The grid view helps you discover that overall time spent by the sample application within the Linux kernel is 6.1%, where 439K kernel entries occurred just within the first 3 seconds of the application execution. To resolve this, consider using huge pages.

Calculate the Amount of Allocated Memory with Memory Consumption Analysis

To switch to huge pages, define the number of pages you need.

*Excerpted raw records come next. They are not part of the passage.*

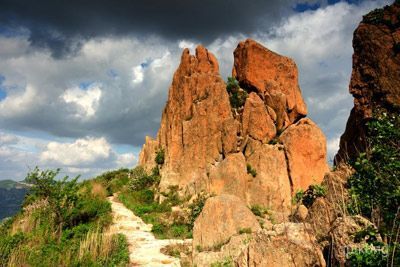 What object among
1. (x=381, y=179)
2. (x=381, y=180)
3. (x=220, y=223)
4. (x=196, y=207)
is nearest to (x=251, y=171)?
(x=196, y=207)

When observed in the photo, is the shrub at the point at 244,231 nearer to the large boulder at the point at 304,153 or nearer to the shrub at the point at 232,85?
the large boulder at the point at 304,153

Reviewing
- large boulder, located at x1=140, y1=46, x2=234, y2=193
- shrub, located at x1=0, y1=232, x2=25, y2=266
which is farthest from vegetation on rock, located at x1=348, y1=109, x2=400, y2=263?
large boulder, located at x1=140, y1=46, x2=234, y2=193

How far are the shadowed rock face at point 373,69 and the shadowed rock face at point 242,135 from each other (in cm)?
1240

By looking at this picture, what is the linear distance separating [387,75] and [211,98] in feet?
60.4

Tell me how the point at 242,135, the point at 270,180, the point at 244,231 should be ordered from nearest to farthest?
the point at 244,231 → the point at 270,180 → the point at 242,135

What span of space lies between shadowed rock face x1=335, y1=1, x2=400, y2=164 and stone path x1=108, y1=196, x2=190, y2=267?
9.15m

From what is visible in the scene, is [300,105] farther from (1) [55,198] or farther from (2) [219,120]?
(1) [55,198]

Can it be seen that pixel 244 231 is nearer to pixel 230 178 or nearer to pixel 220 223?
pixel 220 223

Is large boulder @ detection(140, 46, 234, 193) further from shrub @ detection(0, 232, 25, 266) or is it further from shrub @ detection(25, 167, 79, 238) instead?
shrub @ detection(0, 232, 25, 266)

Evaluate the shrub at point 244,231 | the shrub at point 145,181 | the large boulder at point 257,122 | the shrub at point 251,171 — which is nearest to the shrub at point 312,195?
the shrub at point 244,231

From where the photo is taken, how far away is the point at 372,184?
786 cm

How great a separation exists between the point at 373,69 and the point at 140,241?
1435 cm

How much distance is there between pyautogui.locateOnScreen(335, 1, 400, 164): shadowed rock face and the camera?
1427 cm

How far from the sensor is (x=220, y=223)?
519 inches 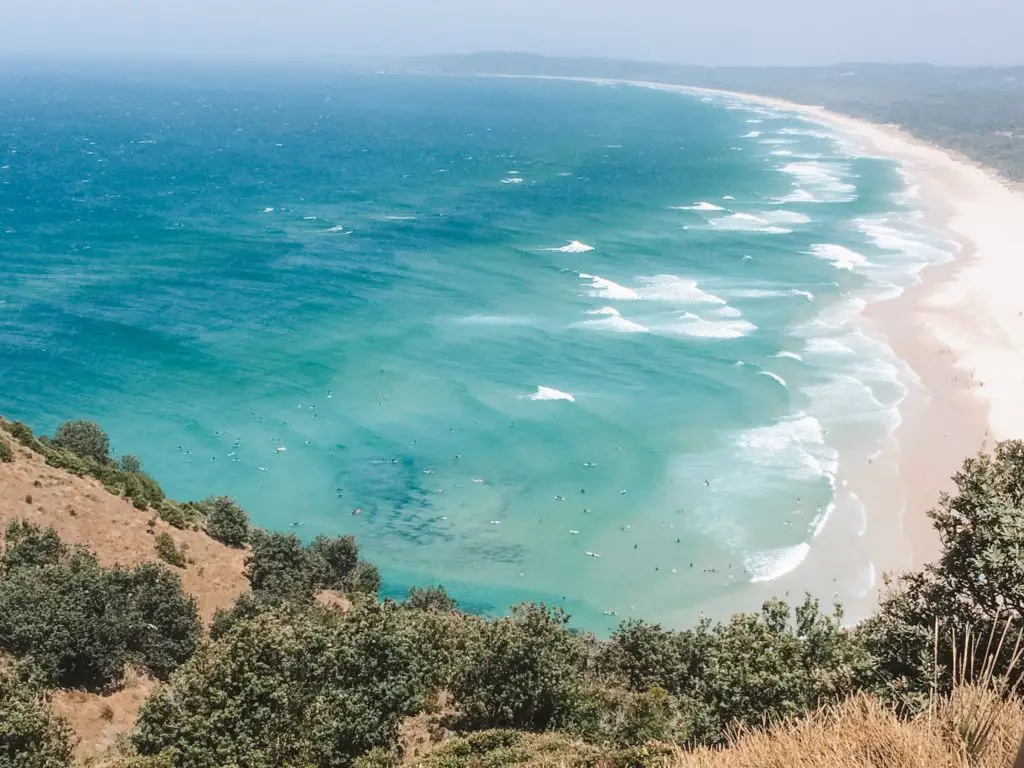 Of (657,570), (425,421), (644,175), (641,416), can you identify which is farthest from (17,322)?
(644,175)

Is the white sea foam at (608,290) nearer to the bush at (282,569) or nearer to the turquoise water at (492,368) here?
the turquoise water at (492,368)

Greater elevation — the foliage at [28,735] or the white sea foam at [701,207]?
the white sea foam at [701,207]

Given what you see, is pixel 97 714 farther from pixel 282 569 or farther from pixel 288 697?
pixel 282 569

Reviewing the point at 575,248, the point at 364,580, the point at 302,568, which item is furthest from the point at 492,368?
the point at 575,248

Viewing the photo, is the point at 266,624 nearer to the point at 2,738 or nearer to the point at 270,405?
the point at 2,738

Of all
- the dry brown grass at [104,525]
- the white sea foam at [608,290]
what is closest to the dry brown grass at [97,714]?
the dry brown grass at [104,525]

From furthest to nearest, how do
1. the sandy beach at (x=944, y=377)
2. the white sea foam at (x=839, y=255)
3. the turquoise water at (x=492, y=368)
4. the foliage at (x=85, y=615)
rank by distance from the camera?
the white sea foam at (x=839, y=255) → the turquoise water at (x=492, y=368) → the sandy beach at (x=944, y=377) → the foliage at (x=85, y=615) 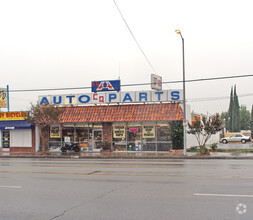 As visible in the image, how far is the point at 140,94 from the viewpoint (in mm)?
29422

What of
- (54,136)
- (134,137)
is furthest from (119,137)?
(54,136)

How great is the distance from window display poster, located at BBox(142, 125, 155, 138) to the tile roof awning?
867 mm

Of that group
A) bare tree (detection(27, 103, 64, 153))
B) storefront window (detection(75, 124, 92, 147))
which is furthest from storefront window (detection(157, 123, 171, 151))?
bare tree (detection(27, 103, 64, 153))

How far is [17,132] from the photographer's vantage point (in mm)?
31812

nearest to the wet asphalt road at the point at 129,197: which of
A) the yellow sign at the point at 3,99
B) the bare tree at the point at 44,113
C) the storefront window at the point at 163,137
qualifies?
the bare tree at the point at 44,113

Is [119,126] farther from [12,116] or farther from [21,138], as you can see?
[12,116]

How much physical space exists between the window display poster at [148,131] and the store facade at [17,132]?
36.2 feet

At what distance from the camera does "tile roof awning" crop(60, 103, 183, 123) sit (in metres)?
27.9

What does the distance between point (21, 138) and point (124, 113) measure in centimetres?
1093

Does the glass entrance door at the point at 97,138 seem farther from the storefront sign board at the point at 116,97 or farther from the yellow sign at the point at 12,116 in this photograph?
the yellow sign at the point at 12,116

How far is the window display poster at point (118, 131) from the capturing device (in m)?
29.2

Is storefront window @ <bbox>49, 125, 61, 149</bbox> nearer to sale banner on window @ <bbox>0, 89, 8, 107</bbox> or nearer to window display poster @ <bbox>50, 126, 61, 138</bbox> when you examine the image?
window display poster @ <bbox>50, 126, 61, 138</bbox>

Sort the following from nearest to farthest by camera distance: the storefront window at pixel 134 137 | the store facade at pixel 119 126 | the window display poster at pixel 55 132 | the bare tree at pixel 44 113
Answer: the bare tree at pixel 44 113, the store facade at pixel 119 126, the storefront window at pixel 134 137, the window display poster at pixel 55 132

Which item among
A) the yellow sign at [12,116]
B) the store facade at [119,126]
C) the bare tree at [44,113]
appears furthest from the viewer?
the yellow sign at [12,116] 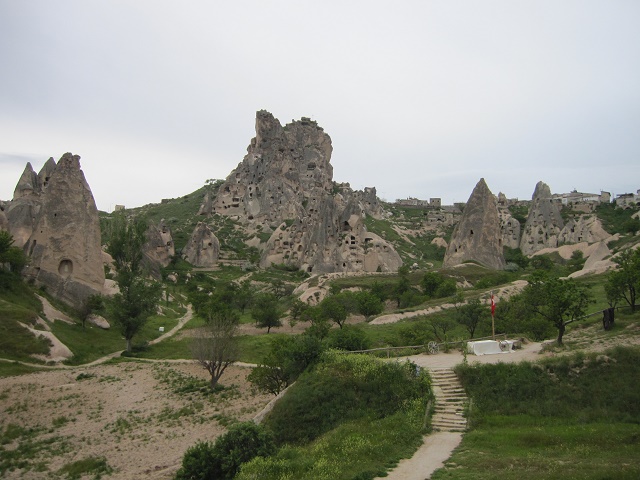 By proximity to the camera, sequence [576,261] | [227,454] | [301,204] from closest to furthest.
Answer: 1. [227,454]
2. [576,261]
3. [301,204]

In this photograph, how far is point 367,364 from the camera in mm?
19516

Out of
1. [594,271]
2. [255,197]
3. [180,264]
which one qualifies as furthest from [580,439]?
[255,197]

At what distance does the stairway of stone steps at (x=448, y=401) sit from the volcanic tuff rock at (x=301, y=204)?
5212 cm

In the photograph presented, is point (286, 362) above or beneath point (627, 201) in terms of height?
beneath

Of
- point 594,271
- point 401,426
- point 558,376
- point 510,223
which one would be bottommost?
point 401,426

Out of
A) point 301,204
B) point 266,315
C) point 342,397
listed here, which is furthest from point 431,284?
point 301,204

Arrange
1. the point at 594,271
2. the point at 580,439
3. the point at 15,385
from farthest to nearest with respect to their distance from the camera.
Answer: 1. the point at 594,271
2. the point at 15,385
3. the point at 580,439

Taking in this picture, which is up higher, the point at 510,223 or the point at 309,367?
the point at 510,223

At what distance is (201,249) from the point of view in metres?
79.8

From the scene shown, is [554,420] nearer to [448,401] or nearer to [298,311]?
[448,401]

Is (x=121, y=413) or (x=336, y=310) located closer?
(x=121, y=413)

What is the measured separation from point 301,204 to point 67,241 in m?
66.7

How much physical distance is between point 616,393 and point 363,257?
57.6m

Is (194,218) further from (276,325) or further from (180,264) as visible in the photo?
(276,325) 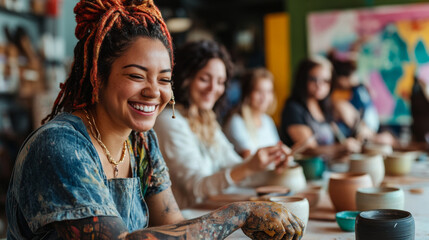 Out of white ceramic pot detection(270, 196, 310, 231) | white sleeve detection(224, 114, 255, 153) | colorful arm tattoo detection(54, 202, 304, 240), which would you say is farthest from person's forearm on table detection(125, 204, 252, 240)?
white sleeve detection(224, 114, 255, 153)

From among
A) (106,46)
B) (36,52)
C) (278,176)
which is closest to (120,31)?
(106,46)

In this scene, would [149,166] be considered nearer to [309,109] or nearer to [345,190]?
[345,190]

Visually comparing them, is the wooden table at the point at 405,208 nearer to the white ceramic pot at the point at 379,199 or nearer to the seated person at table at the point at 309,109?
the white ceramic pot at the point at 379,199

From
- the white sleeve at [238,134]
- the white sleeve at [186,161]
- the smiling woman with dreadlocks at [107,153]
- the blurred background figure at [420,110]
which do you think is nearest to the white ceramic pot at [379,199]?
the smiling woman with dreadlocks at [107,153]

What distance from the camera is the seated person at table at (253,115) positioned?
3.13 m

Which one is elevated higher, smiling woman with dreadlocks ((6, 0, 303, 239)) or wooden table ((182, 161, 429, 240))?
smiling woman with dreadlocks ((6, 0, 303, 239))

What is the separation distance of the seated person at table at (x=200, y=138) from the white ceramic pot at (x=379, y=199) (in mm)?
552

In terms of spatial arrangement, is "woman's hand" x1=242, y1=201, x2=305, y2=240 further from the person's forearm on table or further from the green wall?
the green wall

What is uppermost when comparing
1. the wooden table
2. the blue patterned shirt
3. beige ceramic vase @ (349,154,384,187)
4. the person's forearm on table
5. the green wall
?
the green wall

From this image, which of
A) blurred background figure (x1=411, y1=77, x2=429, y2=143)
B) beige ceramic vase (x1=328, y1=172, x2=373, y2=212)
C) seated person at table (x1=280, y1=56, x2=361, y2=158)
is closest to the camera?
beige ceramic vase (x1=328, y1=172, x2=373, y2=212)

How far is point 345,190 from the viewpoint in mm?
1353

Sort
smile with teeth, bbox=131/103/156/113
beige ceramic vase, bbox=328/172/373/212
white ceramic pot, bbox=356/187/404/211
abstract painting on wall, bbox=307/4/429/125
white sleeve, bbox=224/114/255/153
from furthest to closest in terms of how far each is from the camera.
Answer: abstract painting on wall, bbox=307/4/429/125 → white sleeve, bbox=224/114/255/153 → beige ceramic vase, bbox=328/172/373/212 → white ceramic pot, bbox=356/187/404/211 → smile with teeth, bbox=131/103/156/113

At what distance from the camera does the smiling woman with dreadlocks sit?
88 cm

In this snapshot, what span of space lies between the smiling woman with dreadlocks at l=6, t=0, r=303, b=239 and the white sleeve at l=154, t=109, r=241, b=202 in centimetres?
50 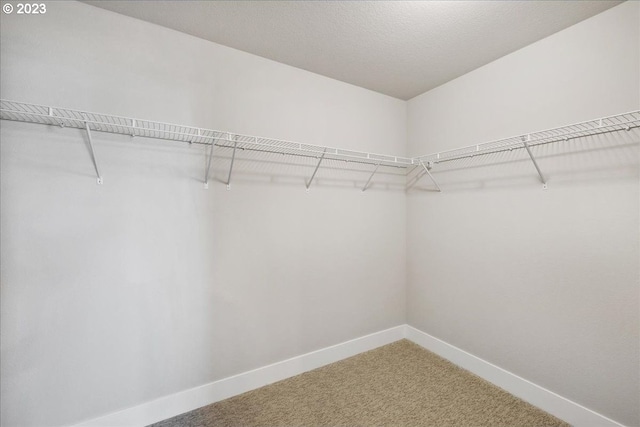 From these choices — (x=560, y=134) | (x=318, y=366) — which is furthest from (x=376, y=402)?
(x=560, y=134)

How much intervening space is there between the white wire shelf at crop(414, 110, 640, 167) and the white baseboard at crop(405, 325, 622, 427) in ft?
4.89

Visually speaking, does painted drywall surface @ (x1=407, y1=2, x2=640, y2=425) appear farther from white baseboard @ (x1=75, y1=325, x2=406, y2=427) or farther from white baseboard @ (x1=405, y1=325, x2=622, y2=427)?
white baseboard @ (x1=75, y1=325, x2=406, y2=427)

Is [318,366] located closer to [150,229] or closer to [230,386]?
[230,386]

To find this number, calculate the amount of memory allocated by the application. For simple applications like matrix, you can inspect the source code. For more complex applications, run the Memory Consumption analysis to find the exact allocated memory size or identify objects that should use huge pages.

  1. Click Configure Analysis to open your matrix project configuration.

  2. In the HOW pane, select Memory Consumption from the Hotspots analysis group.

  3. Change the Minimal dynamic memory object size to track option value to 1.

  4. Click the Start button to run the analysis.

    Once Intel® VTune™ Profiler completes data collection, the results are finalized and displayed in the Summary window with application-level statistics.

  5. Click the Bottom-up tab. In the Allocation Size column, right-click and select Show Data As > Counts for a bytes representation:

  6. Right-click the grid again and choose Select All (alternatively, press Ctrl-A) to see the total allocation size.

    The application allocates 2147557472 bytes:

Reduce Page Faults with Huge Pages

By default, a page size is 4Kb. With huge pages, the default page size is 2Mb and it can be increased up to 1Gb. To switch to huge pages, use libhugetlbfs.

First, calculate the number of 2Mb pages you need. The sample matrix allocates 2147557472 bytes. This means that you need 2147557472 / 2097152 = 1025 pages of 2Mb (using top rounding).

To switch to huge pages:

  1. Configure the number of pages:

    sudo hugeadm --pool-pages-min 2Mb:1025

  2. Create a matrix.sh script with this content:

    #!/bin/bash
    LD_PRELOAD=libhugetlbfs.so HUGETLB_MORECORE=yes ./matrix

  3. Set the executable mode for the script:

    chmod u+x ./matrix.sh

  4. Repeat the System Overview analysis.

    vtune -collect system-overview -knob collecting-mode=hw-tracing -d 3 -r matrix-so-hp ./matrix.sh

  5. Open the result in the Intel® VTune™ Profiler GUI:

    vtune-gui ./matrix-so-hp

The Platform view shows a 3.3% reduction of kernel CPU time and 8.1x reduction on kernel-mode entries:

The elapsed time of the matrix application with huge pages is reduced from 106.4s to 100.5s, which is around 5% of an overall elapsed time improvement without requiring any code change.